### EXTRACTED ENTRIES

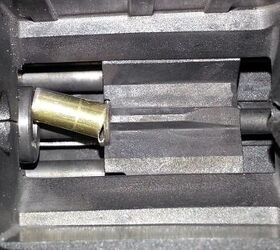 usfa zip pistol kaboom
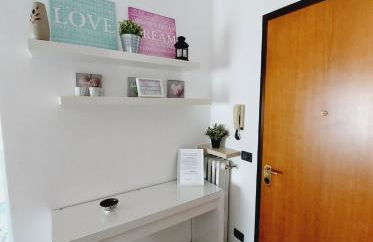 Aurora Appartamenti - a 150m dall Ospedale Sacro Cuore - Foto 11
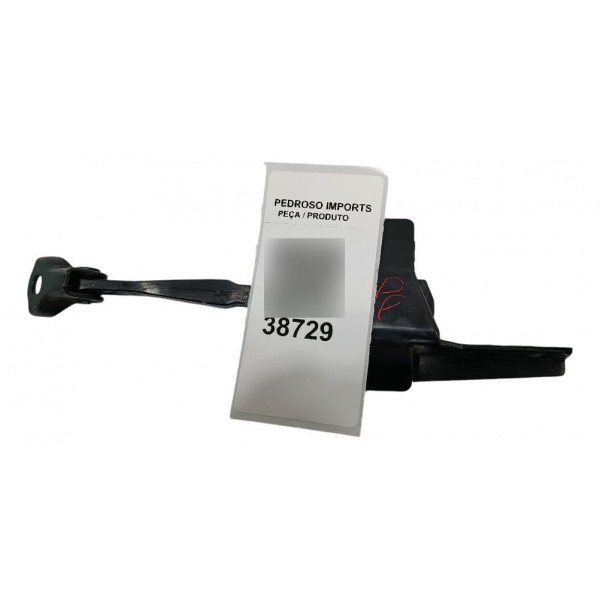 Limitador Porta Dianteiro Direito Ford Territory 1.5 2025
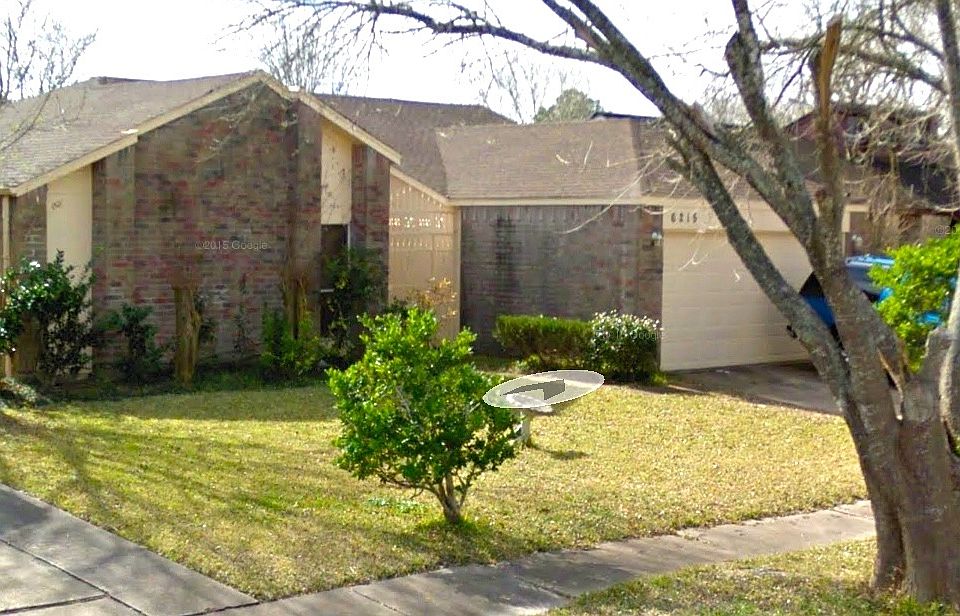 1st image of 6215 Caneridge Dr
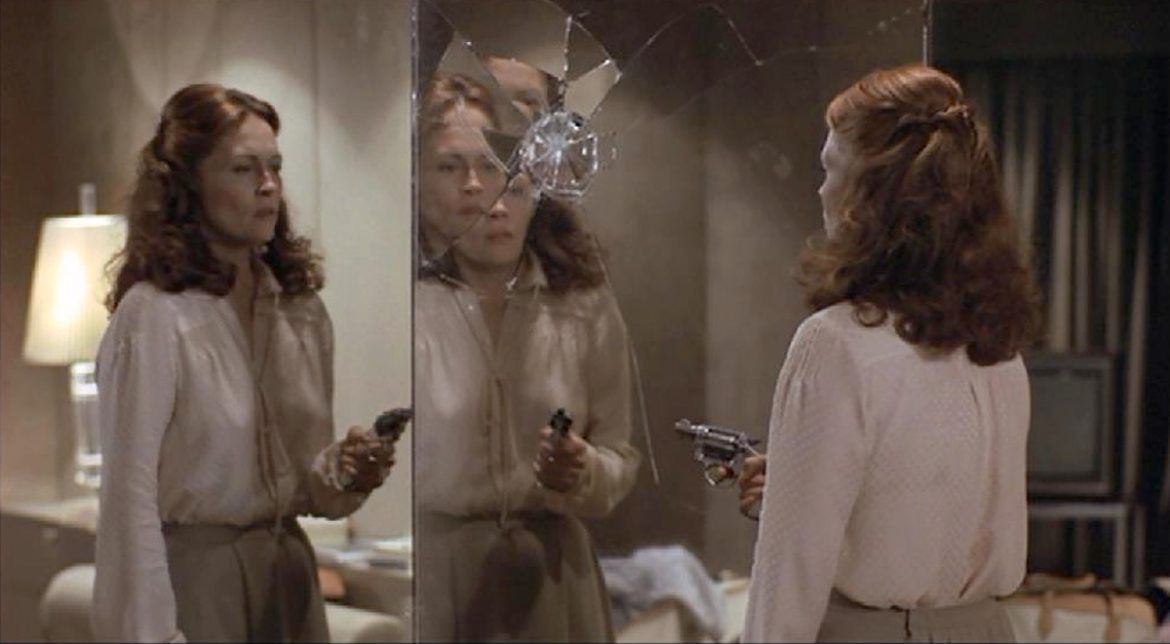 Los ojos de Laura Mars : Foto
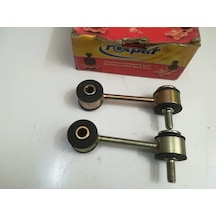 GOLF IV 97-05 OCTAVIA 97-04 STABİLİZER Z ROTU 37614-RTPR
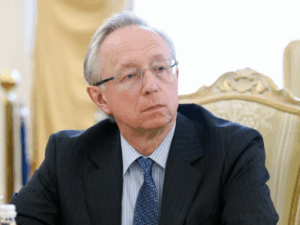 image-69205dac02e8bd190e742d6a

######

**PROBLEM TO WORK ON:** Leaving out the images, repeat the listing above exactly.

**SOLVED PROBLEM:**
 usfa zip pistol kaboom
 Aurora Appartamenti - a 150m dall Ospedale Sacro Cuore - Foto 11
 Limitador Porta Dianteiro Direito Ford Territory 1.5 2025
 1st image of 6215 Caneridge Dr
 Los ojos de Laura Mars : Foto
 GOLF IV 97-05 OCTAVIA 97-04 STABİLİZER Z ROTU 37614-RTPR
 image-69205dac02e8bd190e742d6a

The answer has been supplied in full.